* **Captioned web images**
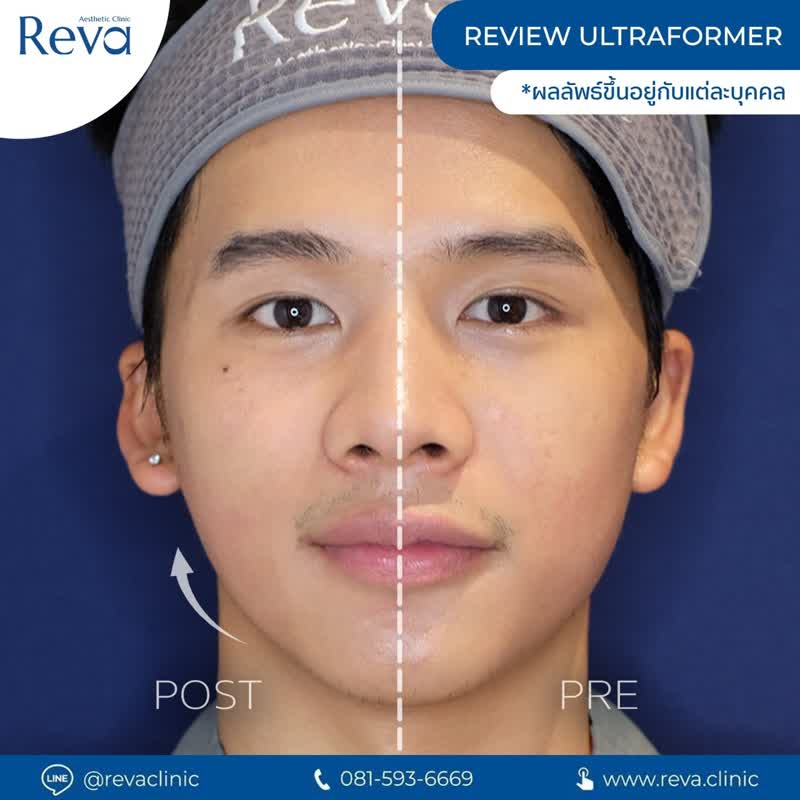 ผลลัพธ์ Ultraformer III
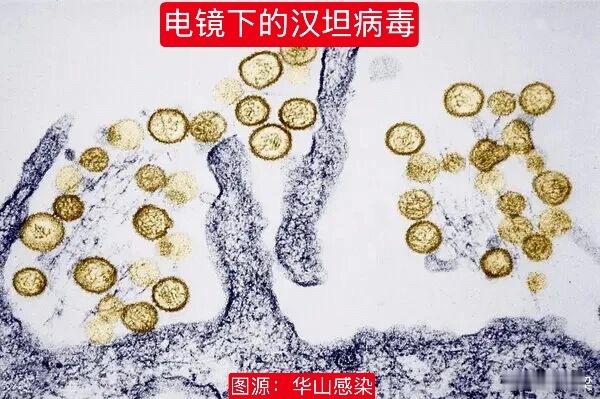 汉坦病毒从发病到死亡仅5天汉坦病毒疫情可以从四个科学角度安慰大家，不用担心汉坦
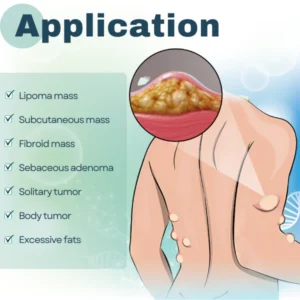 DermaFix™ Lipoma Removal Cream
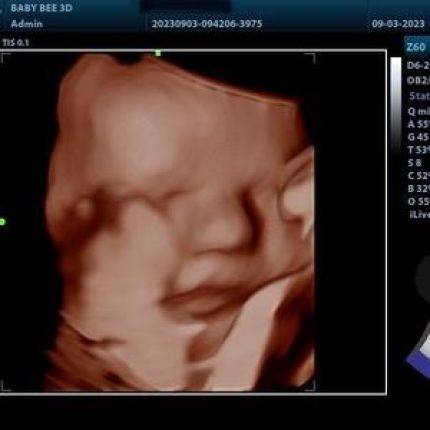 Logo from (Arlington) Baby Bee 3D Ultrasound + Studio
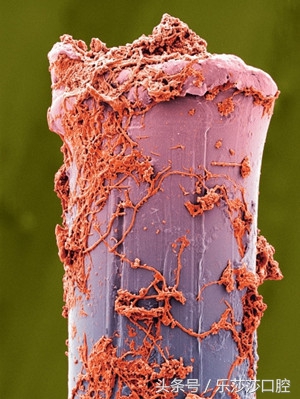 牙医能辨别出换过没换过的牙齿吗,牙医见过最好的牙齿是怎么样的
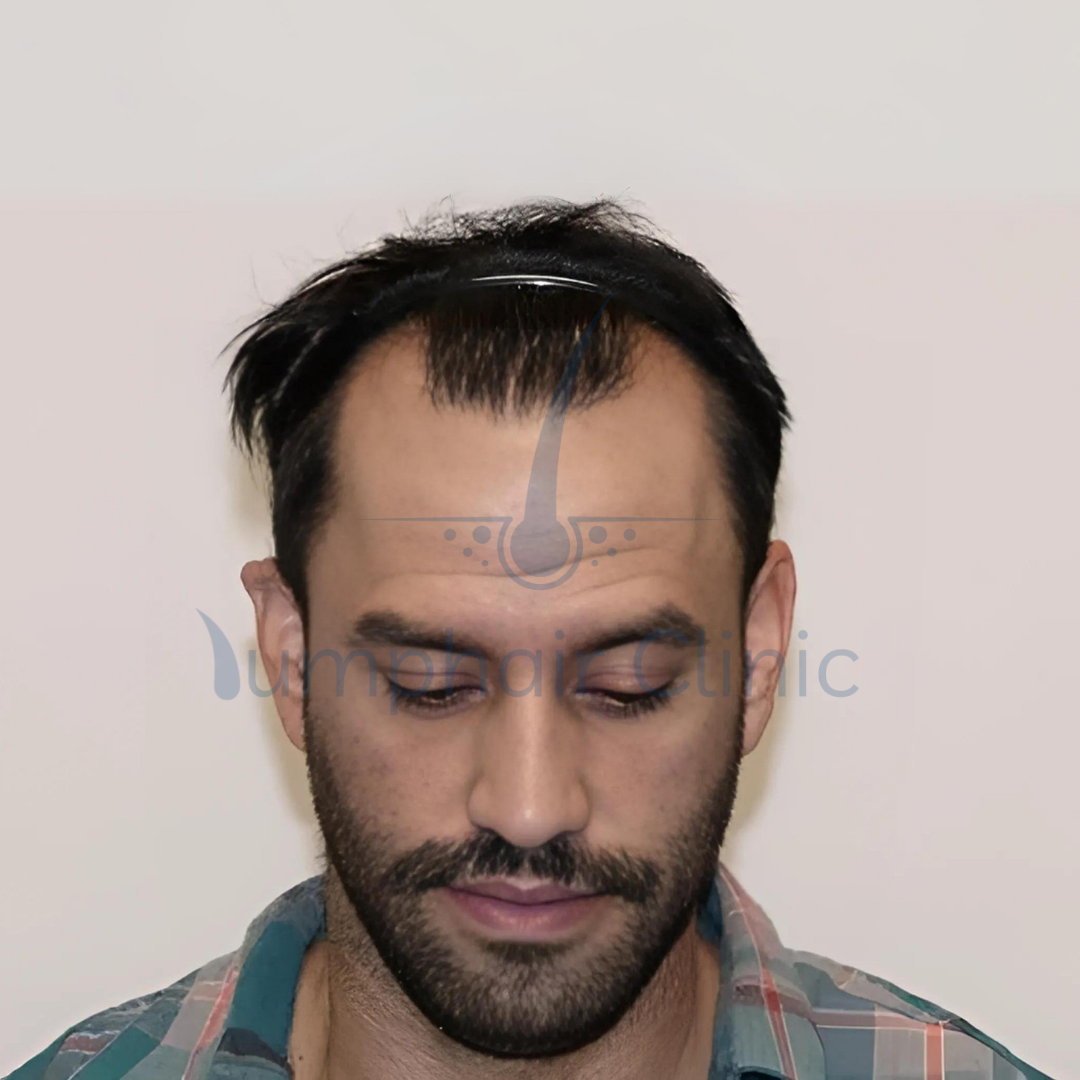 first image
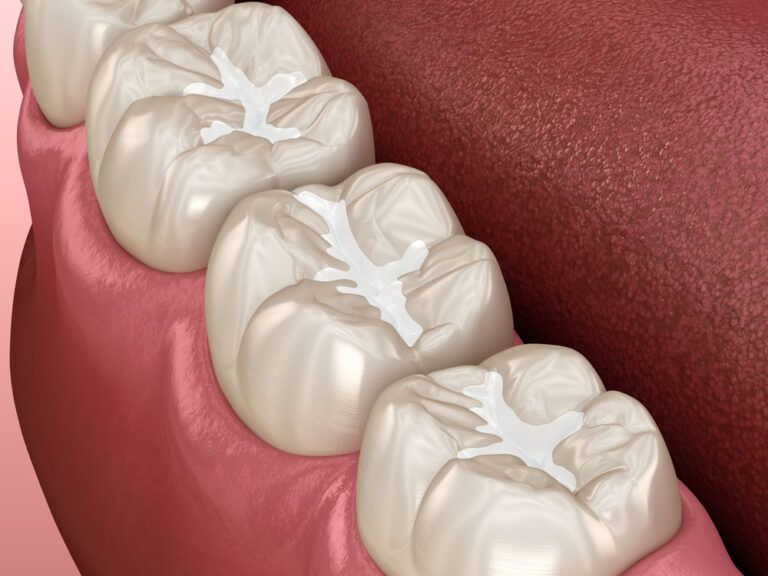 Molar Fissure dental fillings, Medically accurate 3D illustration of dental concept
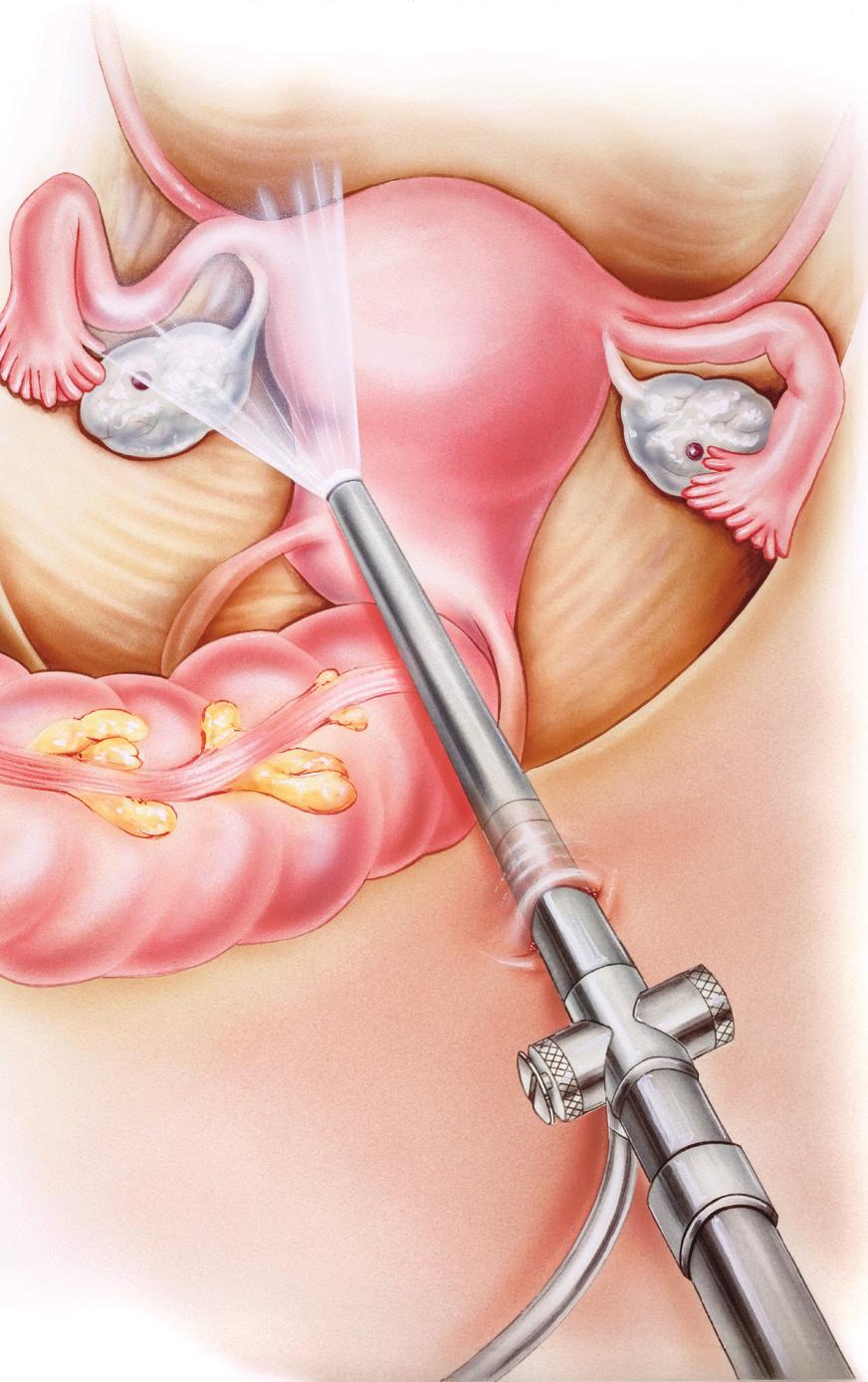 Verklevingen Verklevingen (adhesies) kunnen ontstaan door ontstekingen, vroegere operaties of endometriose. Meestal geven ze geen klachten en is een operatie niet nodig.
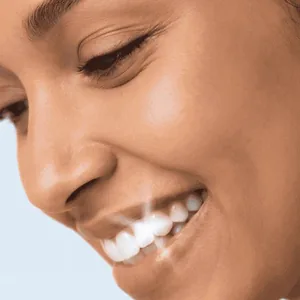 Close-up of a smile after using the Auraglow Teeth Whitening Kit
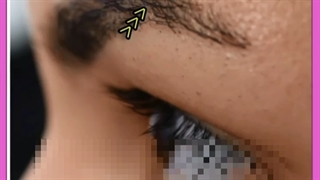 علت افتادگی ابروها چیست؟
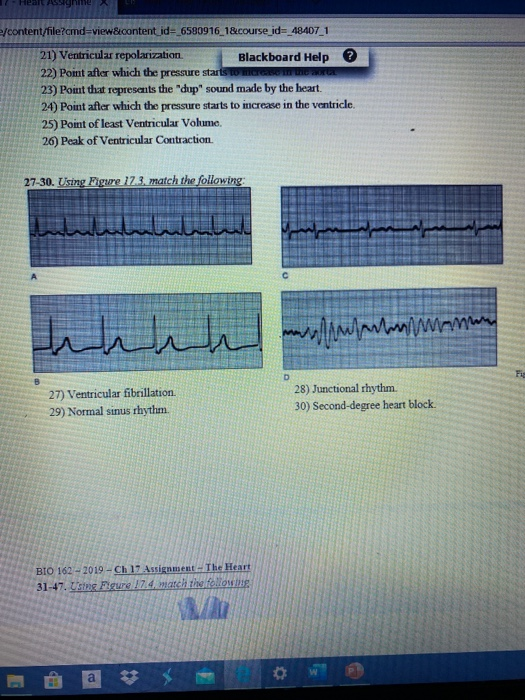 Heart A nne /content/file?cmd=view&content_id=_6580916_1&course_id=_48407_1 21) Ventricular repolarization Blackboard Help ?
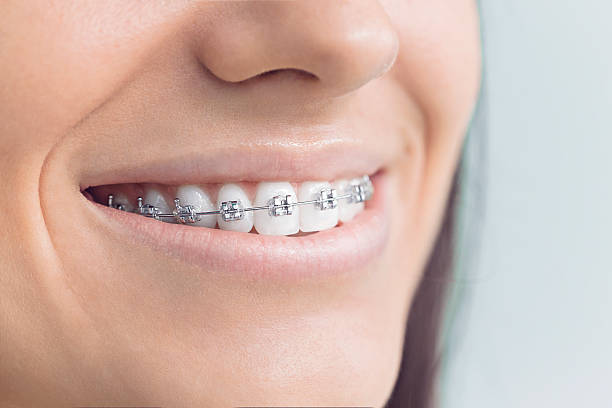 Dental Bonding in Tanglewilde, WA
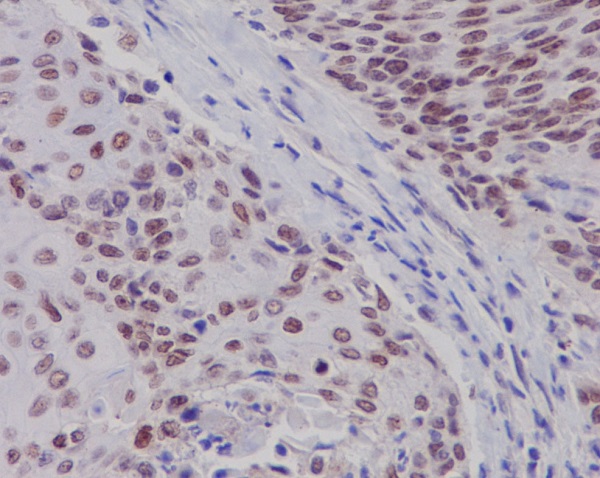 2 - Anti-Estrogen Receptor beta ESR2 Rabbit Monoclonal Antibody ABO14293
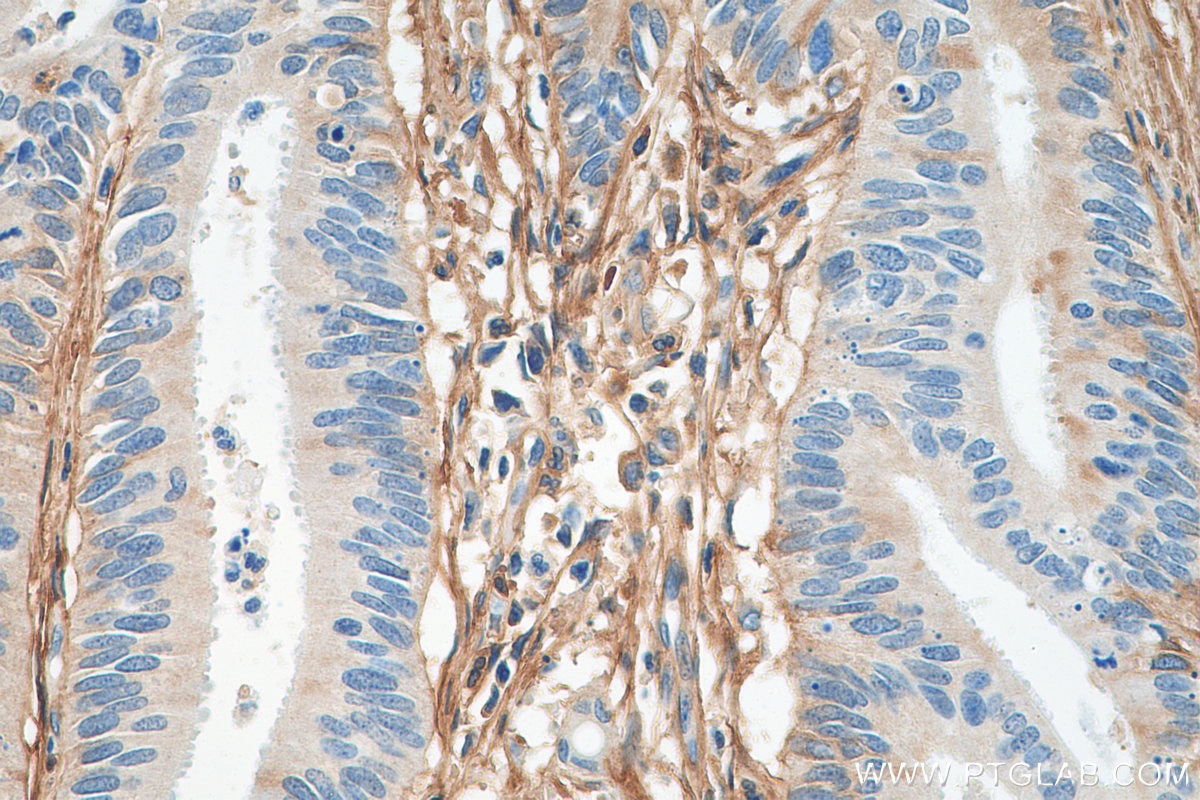Immunohistochemistry (IHC) staining of human colon cancer tissue using Fibronectin Polyclonal antibody (15613-1-AP)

* **Exercise**
All lines from the one containing "DermaFix™ Lipoma Removal Cream" through the end of the data are to be restated exactly, with nothing else and without the pictures.

* **Expected output**
 DermaFix™ Lipoma Removal Cream
 Logo from (Arlington) Baby Bee 3D Ultrasound + Studio
 牙医能辨别出换过没换过的牙齿吗,牙医见过最好的牙齿是怎么样的
 first image
 Molar Fissure dental fillings, Medically accurate 3D illustration of dental concept
 Verklevingen Verklevingen (adhesies) kunnen ontstaan door ontstekingen, vroegere operaties of endometriose. Meestal geven ze geen klachten en is een operatie niet nodig.
 Close-up of a smile after using the Auraglow Teeth Whitening Kit
 علت افتادگی ابروها چیست؟
 Heart A nne /content/file?cmd=view&content_id=_6580916_1&course_id=_48407_1 21) Ventricular repolarization Blackboard Help ?
 Dental Bonding in Tanglewilde, WA
 2 - Anti-Estrogen Receptor beta ESR2 Rabbit Monoclonal Antibody ABO14293
Immunohistochemistry (IHC) staining of human colon cancer tissue using Fibronectin Polyclonal antibody (15613-1-AP)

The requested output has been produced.